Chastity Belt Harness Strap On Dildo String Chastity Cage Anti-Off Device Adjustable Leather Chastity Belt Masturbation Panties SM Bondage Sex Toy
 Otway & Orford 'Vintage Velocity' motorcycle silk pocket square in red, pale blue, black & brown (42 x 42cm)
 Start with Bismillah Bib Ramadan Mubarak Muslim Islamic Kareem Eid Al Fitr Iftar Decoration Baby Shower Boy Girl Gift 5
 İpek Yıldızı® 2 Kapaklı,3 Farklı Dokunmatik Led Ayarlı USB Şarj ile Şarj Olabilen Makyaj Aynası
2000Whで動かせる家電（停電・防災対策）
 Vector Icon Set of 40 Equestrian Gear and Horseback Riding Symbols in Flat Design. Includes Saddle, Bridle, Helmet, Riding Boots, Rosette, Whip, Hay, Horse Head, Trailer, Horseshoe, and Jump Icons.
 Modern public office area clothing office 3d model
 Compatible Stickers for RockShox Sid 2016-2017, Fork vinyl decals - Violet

-------

**Exercise prompt**
Lines from the top of the entries through the line with "Otway & Orford" are to be transcribed exactly, and nothing more.

**Solution to the problem**
Chastity Belt Harness Strap On Dildo String Chastity Cage Anti-Off Device Adjustable Leather Chastity Belt Masturbation Panties SM Bondage Sex Toy
 Otway & Orford 'Vintage Velocity' motorcycle silk pocket square in red, pale blue, black & brown (42 x 42cm)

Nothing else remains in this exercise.